I focused on LinkedIn and expanding my network outside of my former employer and building connections in St. Louis. I started to reach out to contacts on LinkedIn to set up some time and set up time with people who had reached out to me. I contacted editors of local publications and writers whose articles I liked to let them know and build that relationship.
I applied to a cashier position at a local grocery store. Within hours, the interview was scheduled for a few days later. The recruiter was about 20 years old and never made eye contact, just stared at his computer and typed dictation as I spoke. It took about 15 minutes. Two days later, I received the rejection. I laughed.
Month 2: March
I signed up to volunteer at a few non-profit events whose causes I care a lot about, like the Epilepsy Foundation’s annual walk in August.
I started to pay attention to events going on around the city, like St. Patrick’s Day. New restaurants opening. Concerts. Museum exhibits. Things that I used to do with friends and family but gradually stopped over time as work started to get worse. I signed up for a few networking events but never attended. I didn’t always follow through with those plans to network or socialize because depression was still an issue.
My displacement program started and I immediately jumped on the resources they provided.
Month 3: April
I connected with my first potential client, and the contract should be finalized in the next week. I accepted a board position for a local non-profit; my first meeting is in May.
Last week, I went to happy hour with a former manager who quickly became one of my best friends when I no longer reported to her. I told her how I was feeling: like I am starting to find myself again, and I forgot how talented I am. She laughed and said, “Yeah, you are. I’m surprised you stayed with them as long as you did.” She had been telling me for 10 years that I could be doing so much more, but I didn’t realize it until I was going to bed that night.
This Week: Week 13
Some of the webinars that I will be attending include starting your own business, exploring the gig economy, utilizing contract work, exploring independent consulting, considering a career shift, negotiating salary and payment.

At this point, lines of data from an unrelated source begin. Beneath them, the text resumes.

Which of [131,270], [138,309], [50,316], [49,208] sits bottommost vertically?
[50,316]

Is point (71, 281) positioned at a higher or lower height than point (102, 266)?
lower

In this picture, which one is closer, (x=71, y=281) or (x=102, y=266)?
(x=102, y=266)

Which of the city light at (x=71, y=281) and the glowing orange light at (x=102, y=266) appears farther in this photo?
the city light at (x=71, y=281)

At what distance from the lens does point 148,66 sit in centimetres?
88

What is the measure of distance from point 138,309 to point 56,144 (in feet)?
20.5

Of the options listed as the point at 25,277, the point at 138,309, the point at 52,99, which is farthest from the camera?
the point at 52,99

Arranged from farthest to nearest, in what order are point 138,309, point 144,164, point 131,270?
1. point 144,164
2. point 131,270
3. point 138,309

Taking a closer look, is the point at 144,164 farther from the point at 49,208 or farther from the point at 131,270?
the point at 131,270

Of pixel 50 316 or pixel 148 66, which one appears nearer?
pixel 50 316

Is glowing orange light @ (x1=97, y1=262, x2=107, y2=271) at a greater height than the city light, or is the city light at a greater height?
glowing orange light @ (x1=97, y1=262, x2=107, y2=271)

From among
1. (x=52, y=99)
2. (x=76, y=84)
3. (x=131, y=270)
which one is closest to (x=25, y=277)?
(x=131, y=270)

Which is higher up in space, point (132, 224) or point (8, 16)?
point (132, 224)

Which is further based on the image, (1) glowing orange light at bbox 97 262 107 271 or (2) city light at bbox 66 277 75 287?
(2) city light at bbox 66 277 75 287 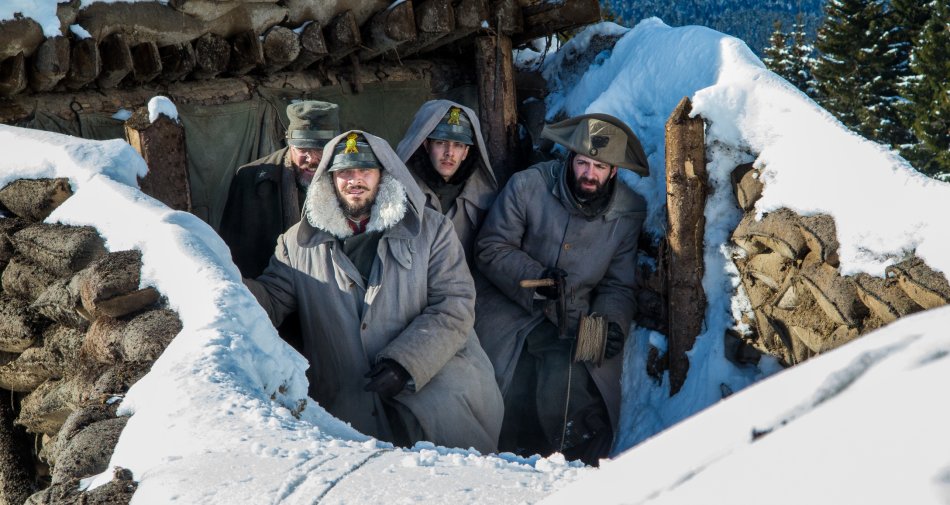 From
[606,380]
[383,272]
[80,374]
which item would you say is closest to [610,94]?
[606,380]

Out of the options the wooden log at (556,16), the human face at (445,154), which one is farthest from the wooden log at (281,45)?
the human face at (445,154)

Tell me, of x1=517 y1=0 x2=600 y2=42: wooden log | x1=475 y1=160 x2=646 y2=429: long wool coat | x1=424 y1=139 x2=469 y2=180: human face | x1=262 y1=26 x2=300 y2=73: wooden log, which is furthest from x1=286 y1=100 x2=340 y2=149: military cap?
x1=517 y1=0 x2=600 y2=42: wooden log

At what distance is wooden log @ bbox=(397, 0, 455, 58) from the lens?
602 cm

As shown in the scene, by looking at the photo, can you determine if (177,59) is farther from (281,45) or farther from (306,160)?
(306,160)

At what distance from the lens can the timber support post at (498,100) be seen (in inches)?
239

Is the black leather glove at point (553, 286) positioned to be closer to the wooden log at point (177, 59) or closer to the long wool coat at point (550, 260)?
the long wool coat at point (550, 260)

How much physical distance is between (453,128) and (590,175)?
2.13 ft

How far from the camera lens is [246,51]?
590cm

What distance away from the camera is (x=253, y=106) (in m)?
6.37

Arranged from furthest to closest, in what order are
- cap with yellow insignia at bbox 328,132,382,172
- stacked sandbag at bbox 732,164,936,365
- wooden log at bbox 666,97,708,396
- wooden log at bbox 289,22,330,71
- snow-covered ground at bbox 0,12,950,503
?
wooden log at bbox 289,22,330,71
wooden log at bbox 666,97,708,396
cap with yellow insignia at bbox 328,132,382,172
stacked sandbag at bbox 732,164,936,365
snow-covered ground at bbox 0,12,950,503

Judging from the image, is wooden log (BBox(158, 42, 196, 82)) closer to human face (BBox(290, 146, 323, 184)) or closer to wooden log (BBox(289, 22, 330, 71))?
wooden log (BBox(289, 22, 330, 71))

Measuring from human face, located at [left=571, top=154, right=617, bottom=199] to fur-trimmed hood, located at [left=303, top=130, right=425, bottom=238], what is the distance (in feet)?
3.59

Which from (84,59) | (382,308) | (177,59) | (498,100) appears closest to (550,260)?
(382,308)

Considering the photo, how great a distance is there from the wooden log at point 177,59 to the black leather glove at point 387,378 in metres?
2.82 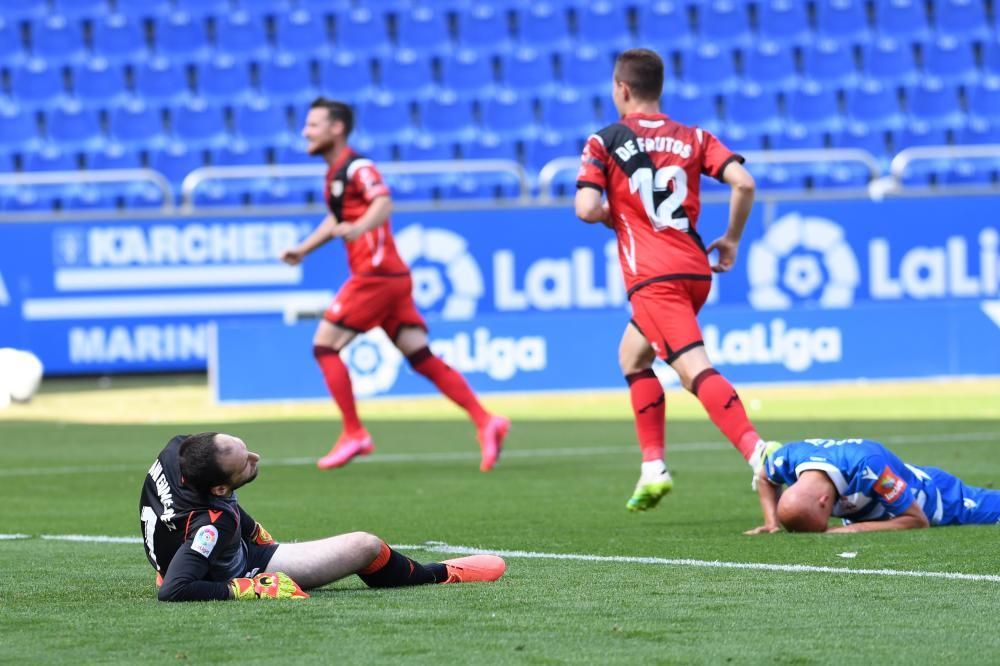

I scheduled a phone call with other job seekers that I’ve met through these webinars to keep sharing stories, supporting, and maybe practicing interview questions or networking conversations. Maybe it’ll end up to be a recurring call. Who knows? It’s casual and just for fun.
I have a separate call with another connection that I’ve made through this displacement service, too.
I created a Calendly account last week to make scheduling these networking calls easier. I asked a coworker who was also displaced to schedule the first meeting. The default is Google Meet, which is a platform that neither of us are familiar with, so that should be an entertaining online meeting while we figure out how to use it.
I meet with a local banker to learn about my options with my 401K and what I need to be considering if I decide to set up a consulting business.
I volunteered for NAMI’s walk on May 16, and the volunteer orientation is this week.
It sounds busy, but I still have a lot of free time. Every week, I set goals like:
LinkedIn enhancements: Align skills on LinkedIn to jobs
Schedule one networking event or phone call for next week
Publish one blog
Complete one LinkedIn learning course
Sign up for one volunteer event
But I need to teach myself how to balance “work” with my personal responsibilities. For example, I need to set up my office in the basement and I’ve got work that I need to do for that. I haven’t been very good at my personal to-do list.